I hope you get through this wave shortly & are able to get yourself home.
Safe travels.
Firstly, Jenn, let me say that I am so proud of and happy for you that you are able to make this trip. You have come such a very long way in your healing and that is so encouraging!!!
As I continue to struggle to get off the last of Klonopin, I recently had a DNA test done to see how I metabolize medications. Did this in hope of helping in some way. The doc that I did this through uses both conventional and alternative treatments and even though he has not to this point been able to help in any substantial way, I thought perhaps this testing might enlighten the both of us to some degree. When I went in for my results, not only was he confused as to how to interpret the report (silly me – I thought he and his staff had received the training to do this), we then proceeded to once again visit the discussion of how I have been experiencing horrific symptoms from trying to come off the K. He remains astonished. Said that in his 25 years of practice and having many patients on K that never – I repeat – never – has any of them said they felt bad when quitting K. He is vehemently against Xanax and Lorazepam but views K as safe. Even safer than coffee or sugar! Said that if I was his sister, he would tell me to continue to take K forever if necessary.
He then said – have you considered you are going through menopause? What?! I am 65 years old. Had a complete hysterectomy 21 years ago. Yes, I have had a horrible time trying to get my hormones balanced since then but as many docs have told me – you went through menopause immediately after surgery.
As the visit began to wind down, he admitted that he has no idea how to help me. I am glad that he was honest in that. But I remain amazed at how many doctors that are licensed and prescribe these meds for many, many years to their patients say they have NEVER had a patient who had this problem. As I mull this over in my mind, I wonder – have they all had ONLY patients who didn’t have difficulty quitting benzos or did the patients who did have problems simply leave and not let the docs know. ???
So, once again, I add yet another “professional” to the list of clueless.
I, personally, do not see how this is going to change unless practitioners themselves experience the horrors of withdrawal.
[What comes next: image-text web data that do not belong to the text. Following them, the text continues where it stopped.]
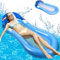Luftmatratze Wasser Hängematte, Aufblasbare Wasserhängematte mit Mesh, Aufblasbare Wasser Pool Luftmatratze, Wasserhängematte Erwachsene, 2-in-1 Schwimmliege, Liege Wasser Bett, für Strand, See (blue)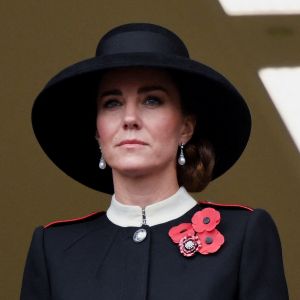 La duchesse de Cambridge , Catherine Kate Middleton - La famille royale d'Angleterre sans la reine ainsi que la classe politique anglaise participent au 'Remembrance Day', une cérémonie d'hommage à tous ceux qui sont battus pour la Grande-Bretagne, au Cenopath à Whitehall, Londres.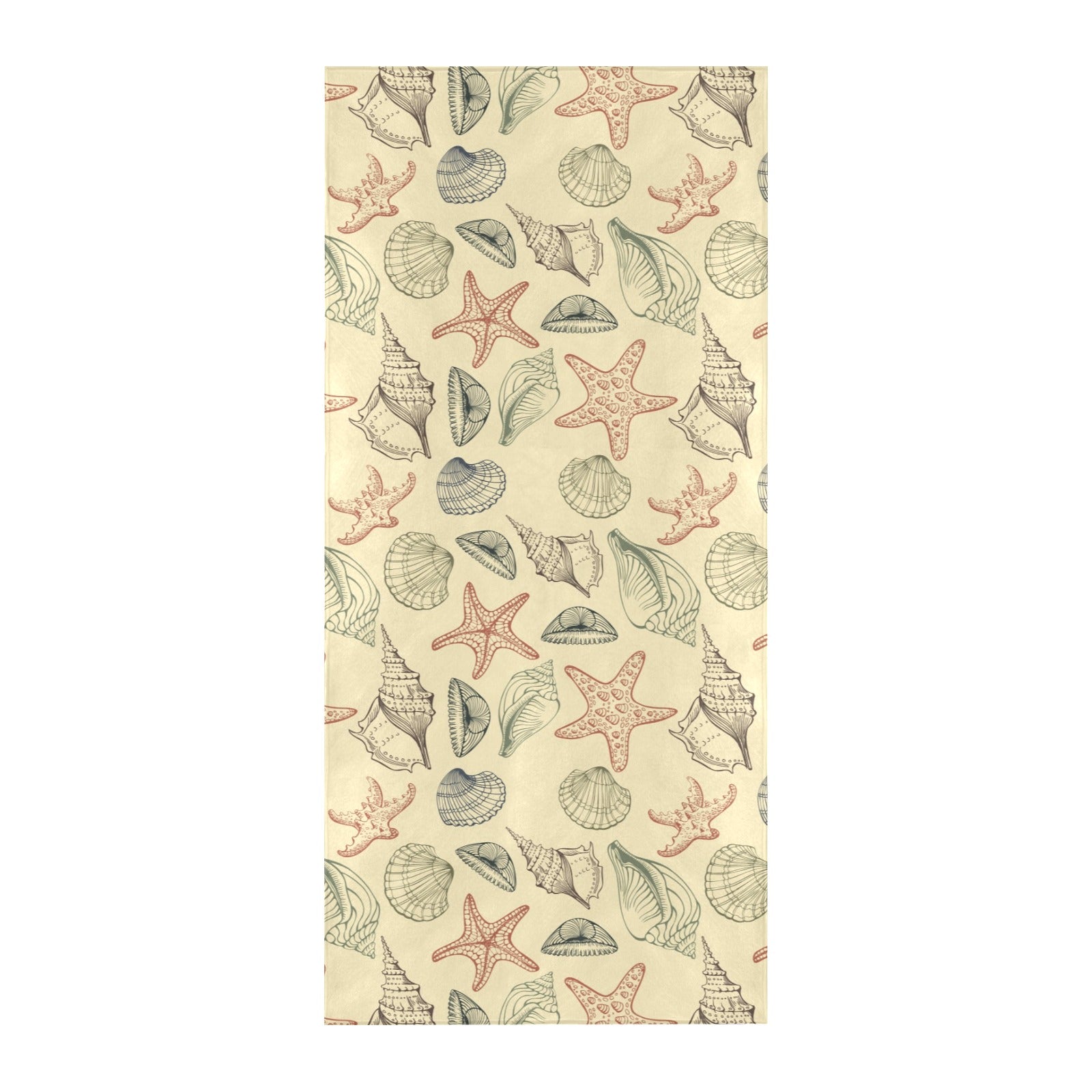 Seashell Print Design LKS305 Beach Towel 32" x 71"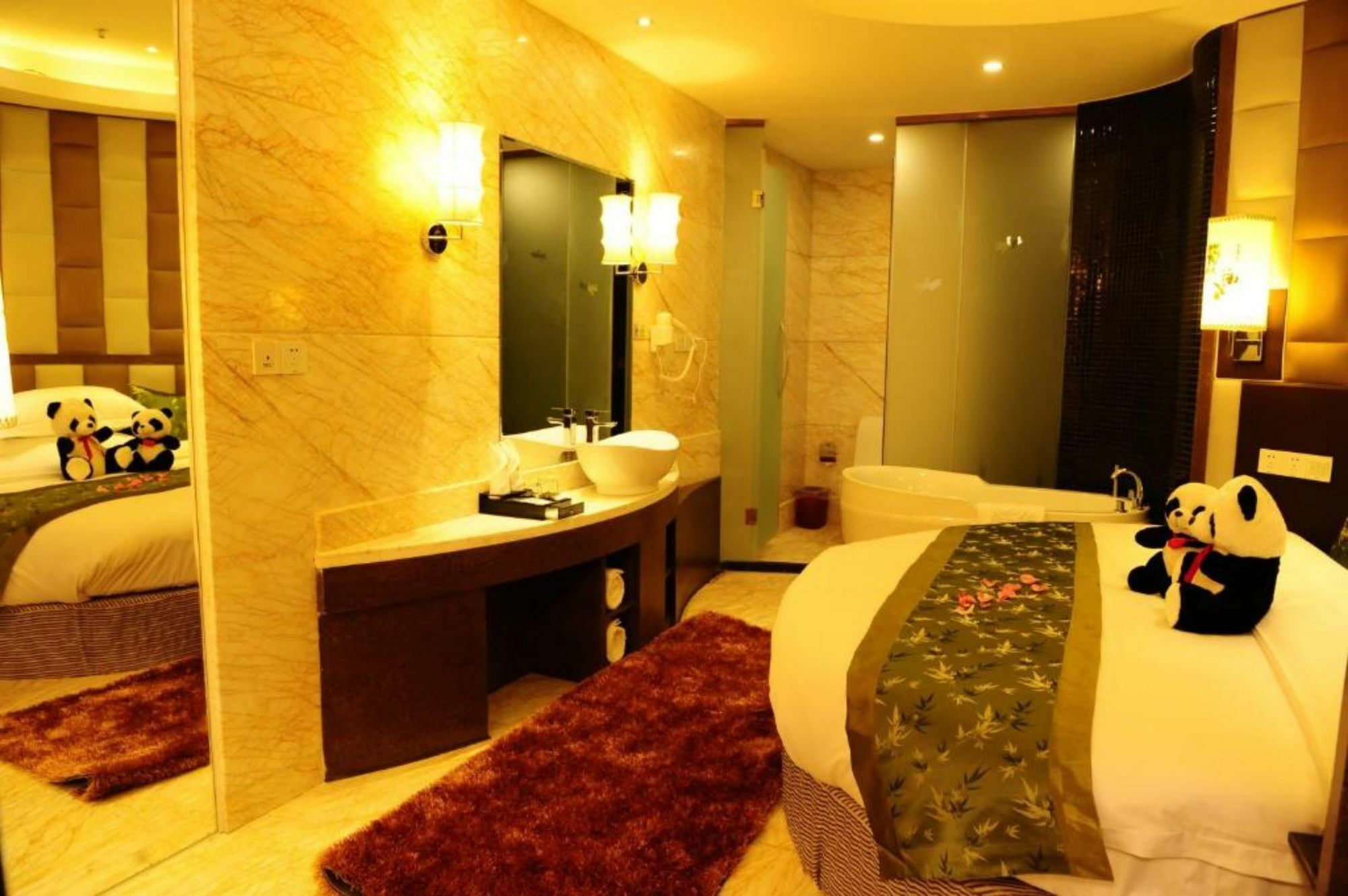 Chengdu Panda Prince Culture Hotel Exterior foto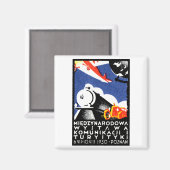 1930 Poznan Expo Poster Magneet (Voorkant / Achterkant)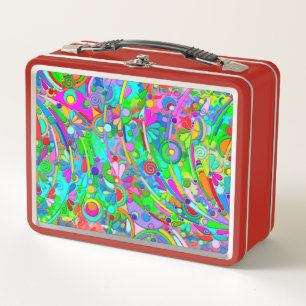 Handgemachte und digital gestrichene Muster Art 18 Metall Brotdose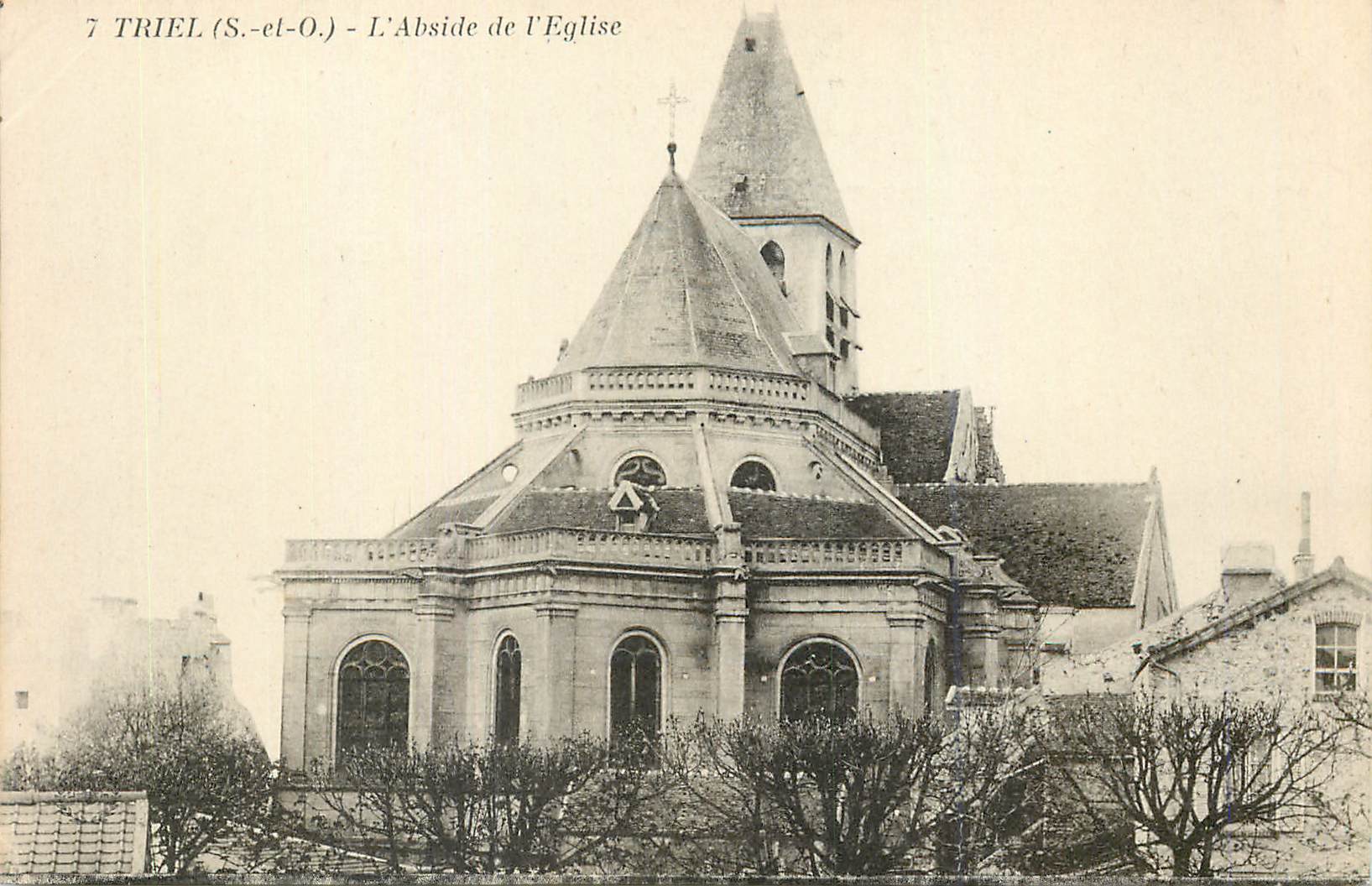 CPA Triel S et O L Abside de l Eglise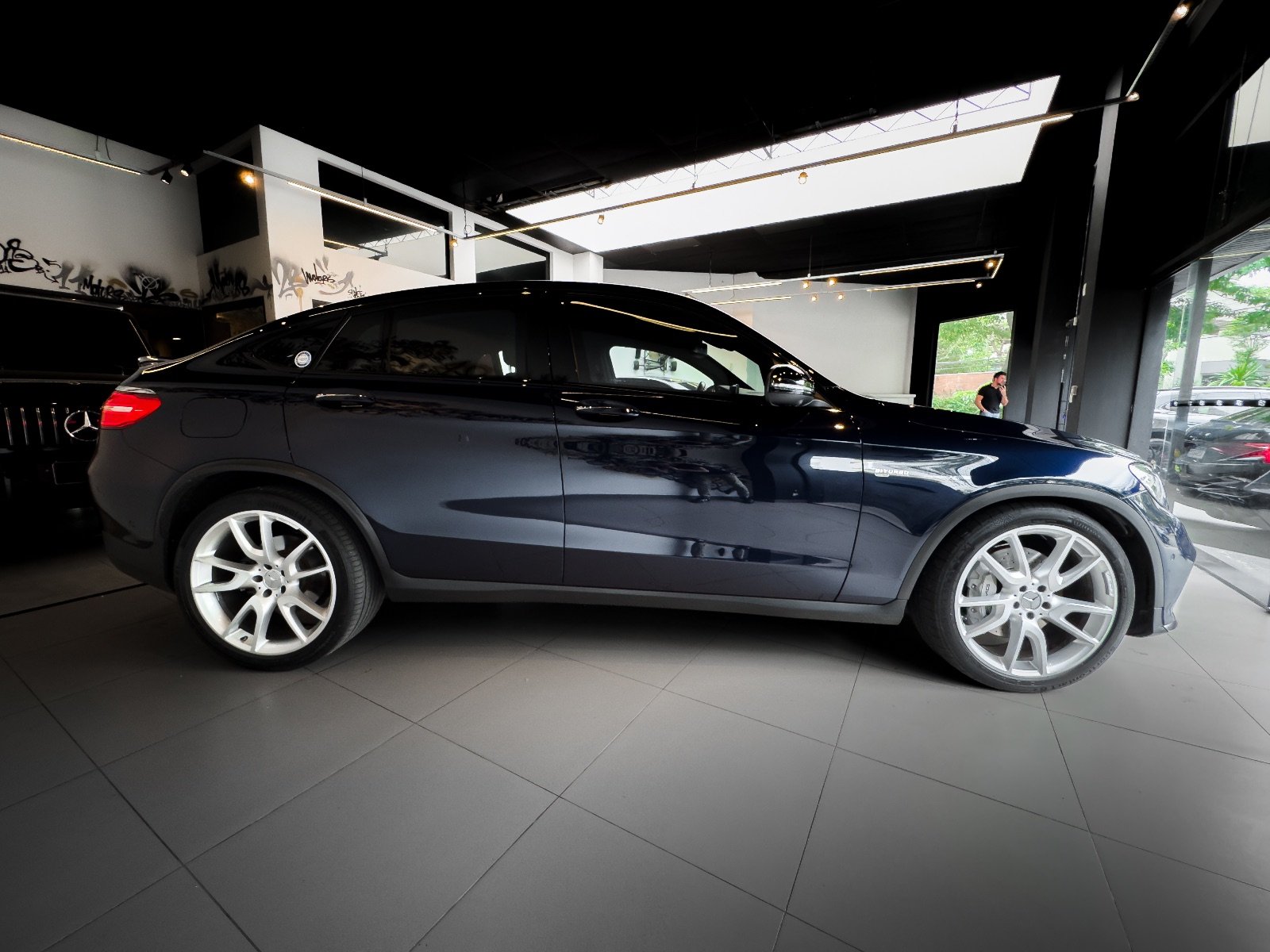 Mercedes-Benz GLC 43 AMG Coupê 2017 Azul — foto 4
Praying for your continued safe travels and that you will experience much joy and peace during this remarkable journey you are on.
Blessings and Hugs!
I think it is almost unheard of for a doctor to ‘Google” a drug they are prescribing as a means of obtaining alternative information about the side effects and potential damage of long term use. It is as if they have been brain washed into believing that the Pharmaceutical Companies are the only ones to be trusted for information. Why on Earth would you EVER trust the WOLF who is guarding the hen house? It completely boggles the mind.